O encerramento da Copa nem tinha completado um mês e a violência já voltou aos noticiários, com a pancadaria entre torcedores de Santos e Corinthians no domingo passado. É um potente inibidor de apetite. É verdade que não se trata do único problema do futebol brasileiro: a lista de desatinos é longa. Mas há pelo menos uma boa notícia: tem remédio. Não somos nem o primeiro nem o único país do mundo em que a criminalidade dá de 7 a 1 no esporte. Uma boa estratégia é observar o que os outros fizeram.
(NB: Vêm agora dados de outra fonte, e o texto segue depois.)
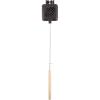 Coghlan’s Pre-Seasoned Cast Iron Broiler with Removable Handles, Break-Apart Hinge – Ideal for Grilling Burgers, Steaks, and Roasting Vegetables Over Campfires or BBQs – Compact and Easy to Clean(Single Cast Iron Broiler (New Design))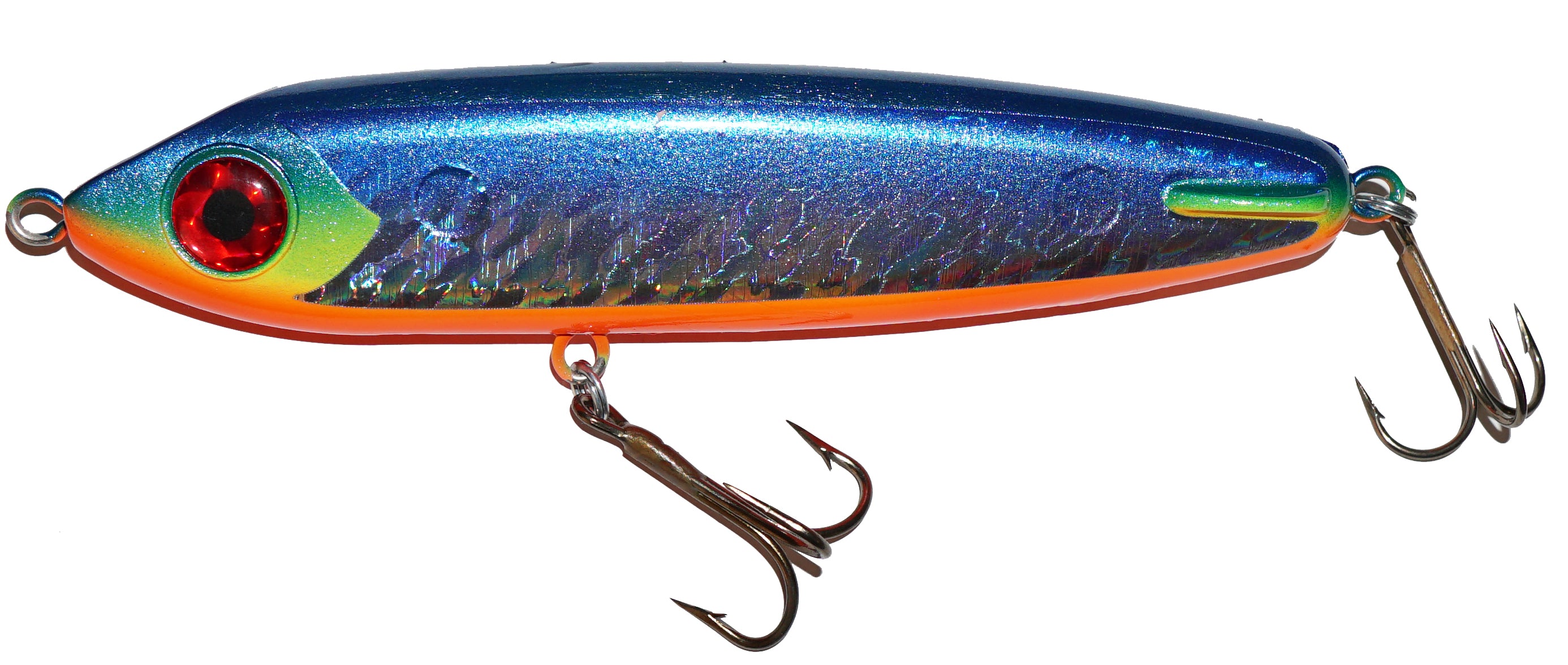 Drifter 8 Hellhound Glide Bait Flash Series - Premium Fishing Lure for Bass & Pike - Perfect for Freshwater & Saltwater Fishing Adventures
É fato que as condicionantes nacionais são muitas. O Brasil, sabemos, não é para amadores. Não há como adotar de olhos vendados a ciência da criminalidade do futebol utilizada na Itália, por exemplo, acreditando que o efeito aqui seria o mesmo. Há significados diferentes para o esporte praticado por nós e talvez aí resida um dos maiores impasses. Carecemos de analogias. Mário Filho, Ruy Castro, Roberto DaMatta, José Miguel Wisnik... poucos se ocuparam de decifrar o que as quatro linhas dizem sobre nós. É mesmo um paradoxo o futebol ser tão pouco estudado no lugar em que é mais falado.

Vale lembrar o trabalho feito pelo jornalista norte-americano Franklin Foer, em Como o futebol explica o mundo. Foer disseca o futebol praticado entre os hooligans da Irlanda; o papel desse esporte como significante do conflito entre sérvios e croatas, e passa pelo Brasil, para surpresa o capítulo mais pálido e frustrante de sua saga. Mas há algo que o jornalista diz sobre o planeta, e que nos toca: o futebol tem a ver com processo civilizatório. Assim como ler jornal servia de ingresso para entrar na sociedade americana – o que os imigrantes praticavam com afinco –, participar de um time era prova de que etapas mais primitivas tinham sido vencidas.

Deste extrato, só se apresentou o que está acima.